Two ministers were in Netanyahu’s most recent Cabinet. Blue and White Party leader Benny Gantz, retains the defence portfolio, and New Hope founder Gedeon Sa’ar, the justice ministry. Both are deputy prime ministers.

All five have served under Netanyahu and broken with him personally due to his authoritarianism, failure to honour commitments, and arrogance, rather than his policies.

Ministries assigned to the centre-right Labour Party and leftist Meretz cover areas where there can be moderate change on the domestic front while the Ra’am, the Israeli’s Palestinian fundamentalist partyhas not claimed a ministry but chairmanship of key Knesset committees.

Ra’am is the first Palestinian party to participate in an Israeli government although there have been Palestinian ministers belonging to other parties in government. Until now only Zionist Jewish parties have been at the heart of the ruling establishment. Ra’am’s head Mansour Abbas has secured promises of benefits for Israel’s 20 per cent neglected and marginalised Palestinian minority, including funding for municipalities, schools, and public services, increased policing to

fight a spike in crime, and an end to Israeli bullying of bedouin.

While Abbas may have bought benefits for Palestinian Israelis, many if not most are uncertain about Ra’am putting in power a coalition, heavily weighted in favour of the right. During the Netanyahu years, they have forged increasingly close connections with Palestinians in occupied East Jerusalem and the West Bank, rejected being called “Arab {rather than Palestinian] Israelis” and reclaimed their Palestinian identity.
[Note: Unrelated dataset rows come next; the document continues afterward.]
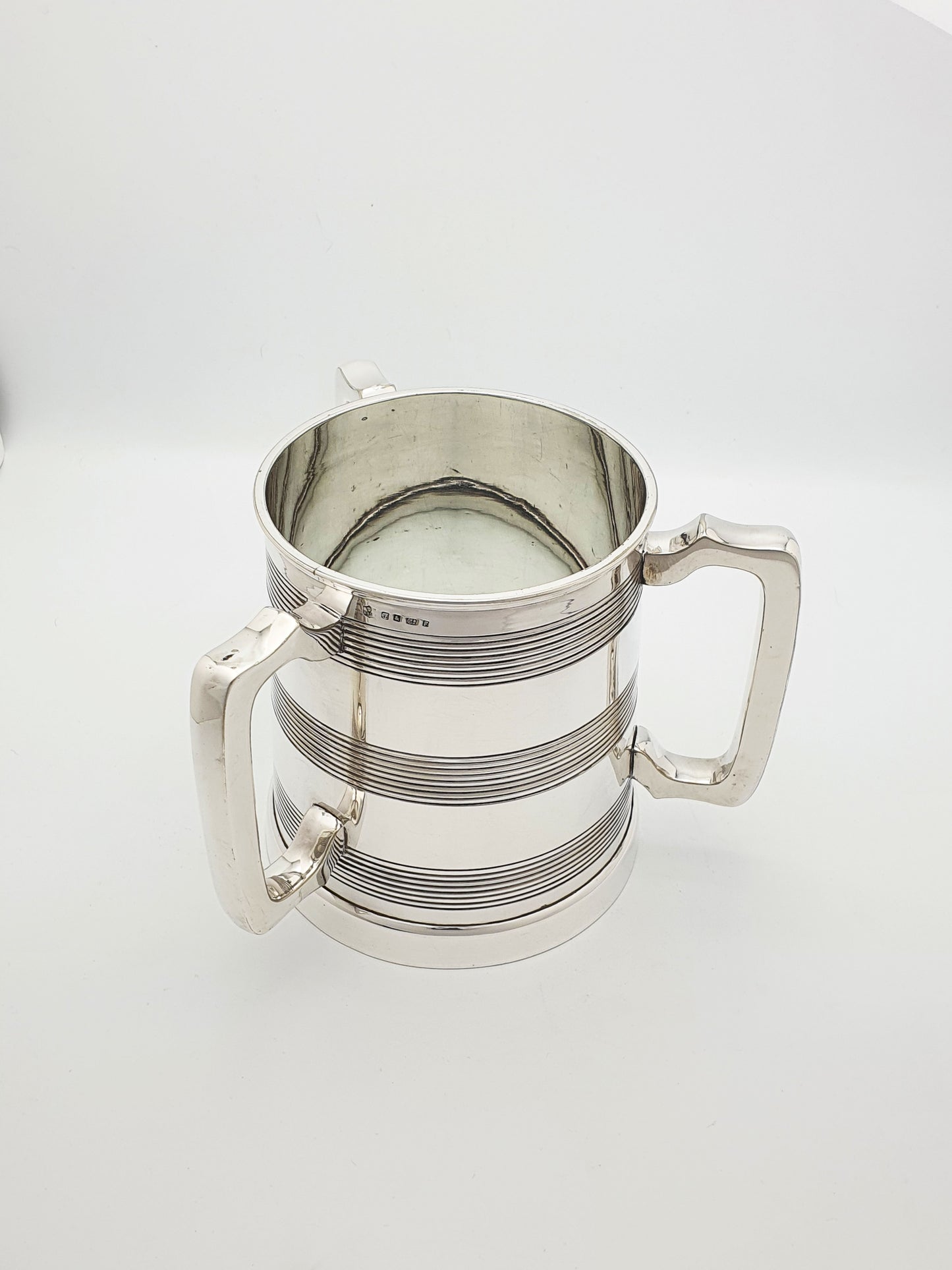 Fabulous Victorian Elkington Three Handled Tankard - English Antique - 1868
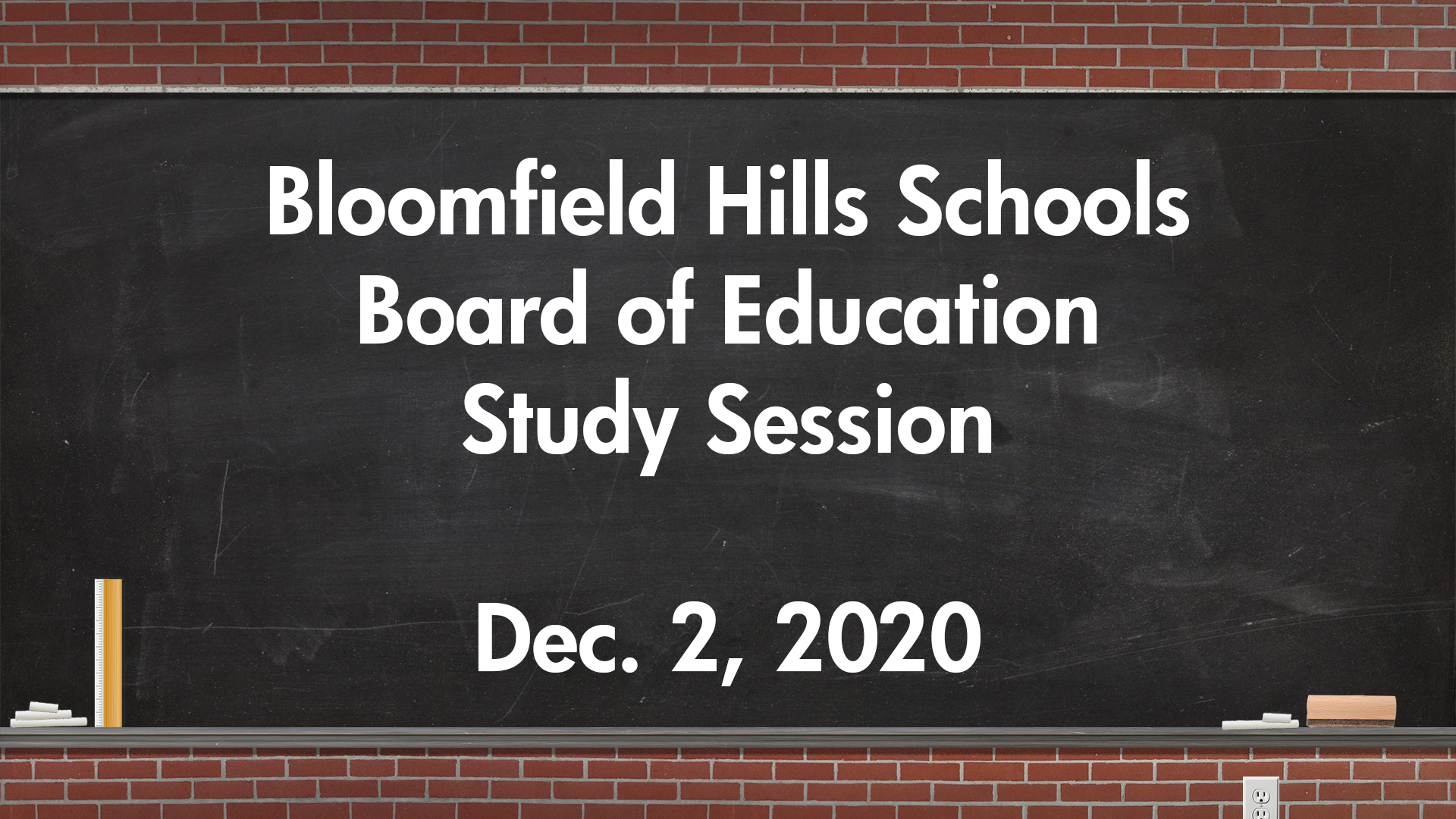 Thumbnail image for BHS: Board of Education Study Session Dec 2, 2020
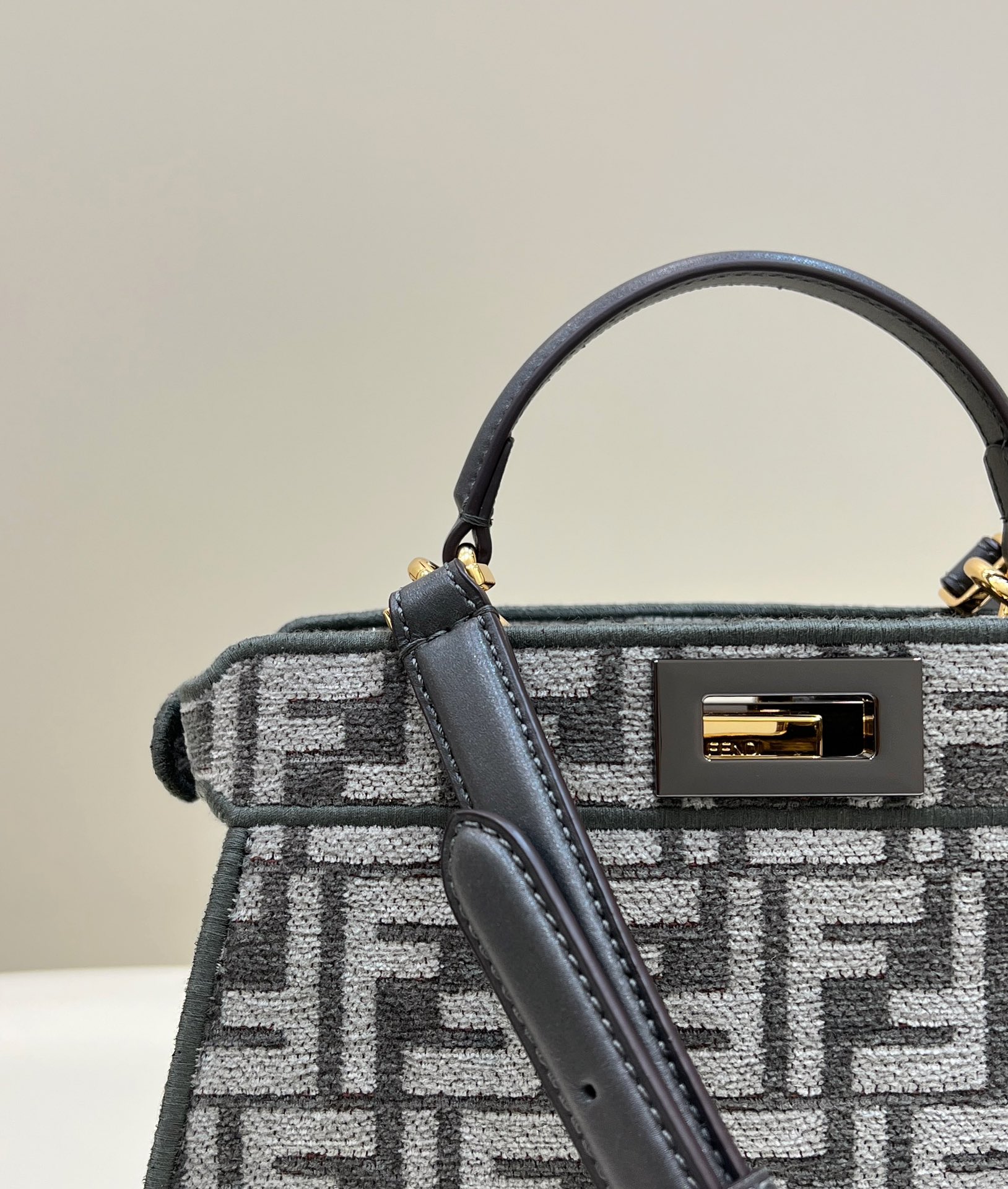 Fendi PEEKABOO, classic FF pattern Model no: 80106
Furthermore, the “change government” will have to deliver some if not major change. World public opinion has been alienated by the Netanyahu era, moved away from regarding Israel as a special case entitled to impunity over its never-ending occupation, land grab, harsh treatment of Palestinians, and attempts to drag the US and the West into a war with Iran.

The International Criminal Court (ICC) has launched investigations into alleged Israeli war crimes and crimes against humanity. The UN Human Rights Council has set up a permanent commission to probe Israel’s May onslaught on Gaza and other actions against the Palestinians. Amnesty International has dared to apply the word “apartheid” to the system of governance Israel imposes on theWest Bank.

“The perpetrators of war crimes and crimes against humanity have evaded justice for more than half a century. An ICC investigation marks a long-overdue step towards justice for victims, and is a chance to end the cycle of impunity that is at the heart of the human rights crisis in the [occupied territories],” said Saleh Higazi, Amnesty’s deputy regional director for the Middle East and North Africa.

Last month, Ireland’s parliament adopted a motion branding Israeli settlements and policies in the occupied West Bank “de facto annexation”. This amounts to the most forthright characterisation of the situation in the West Bank by any European Union legislature. Ireland is not alone.

Democratic Party members of the US Congress have castigated Israel and urged the US government to suspend $3.8 billion in military funding for Israel as well as millions proposed to resupply its “Iron Dome” system which has protected Israel from rockets from Gaza while Israeli warplanes bomb the unprotected coastal strip with a population of two million Palestinians.

Having ignored developments on the international scene for most of his latest 12-years in power Netanyahu continues to behave as usual — hectoring opponents and accusing “change” of betraying Israel and risking its security. He enjoys the support of his Likud Party, the largest in the Knesset, and the hard right nationalist and religious parties. However, a slender majority of Israelis are fed up with him. They have shifted to parties represented in the coalition — mainly because they are weary and wary of Netanyahu — and resent his drive to exploit Israeli divisions in order to evade prison for breach of trust, fraud and bribery in his ongoing trial in a Jerusalem court. Now that he is not prime minister he could be the second Israeli premier to do jail time — after fellow Likud leader Ehud Olmert.